= Problem description =
The answer should consist of the full listing below, repeated exactly and free of pictures.

= Data shown =
********************

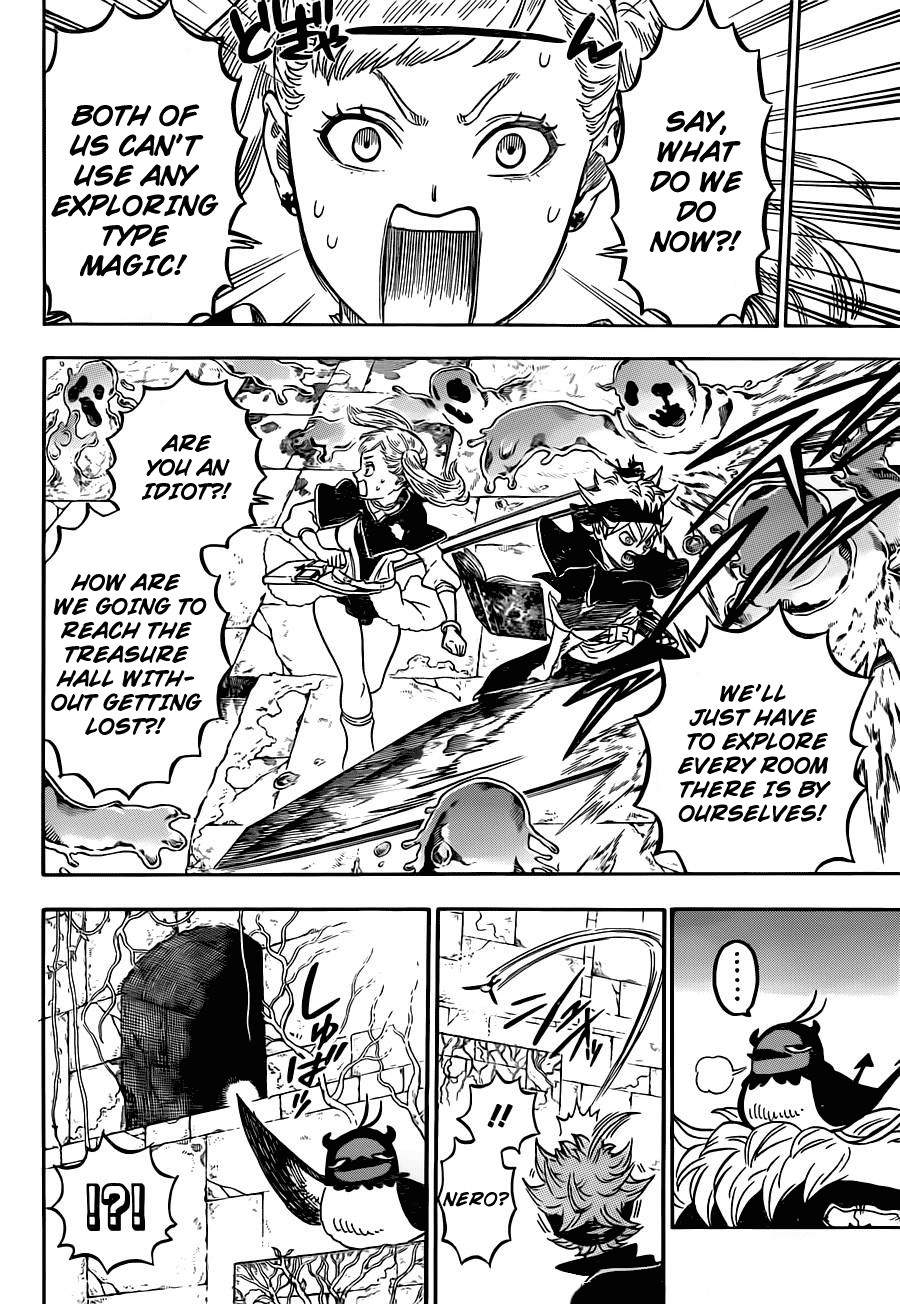 Black Clover chapter 12 page 13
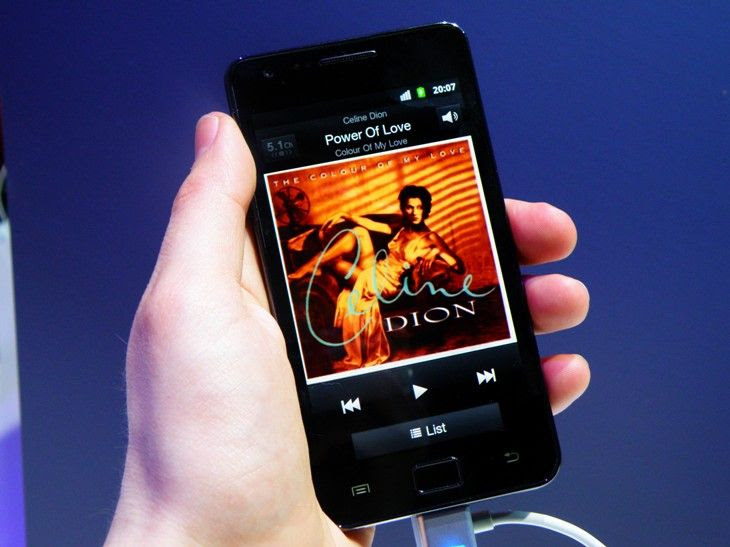 Galaxy s2 plus release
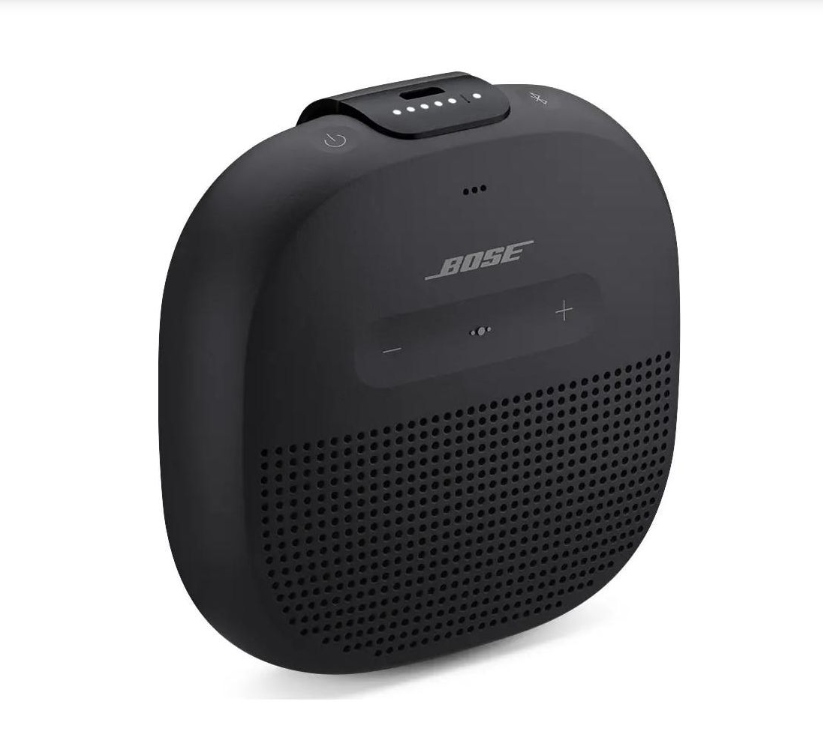 

Портативная колонка Bose SoundLink Micro Black, Черный, SoundLink Micro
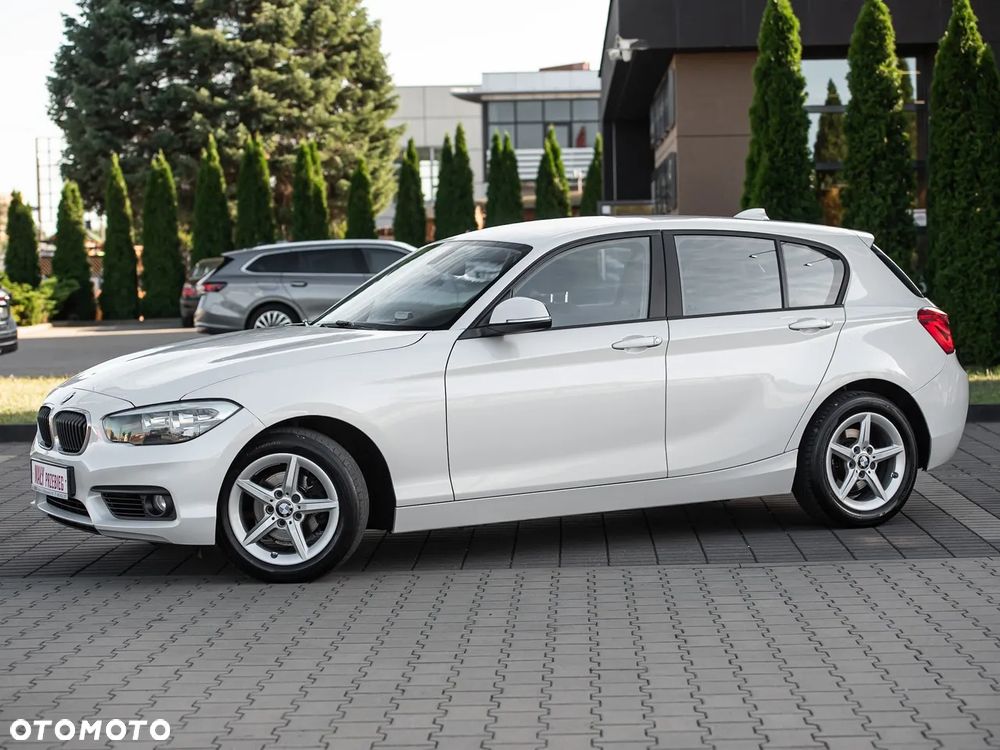 BMW Seria 1 118d Edition Metropolitan - 7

********************

= Solution for this exercise =
 Black Clover chapter 12 page 13
 Galaxy s2 plus release

Портативная колонка Bose SoundLink Micro Black, Черный, SoundLink Micro
 BMW Seria 1 118d Edition Metropolitan - 7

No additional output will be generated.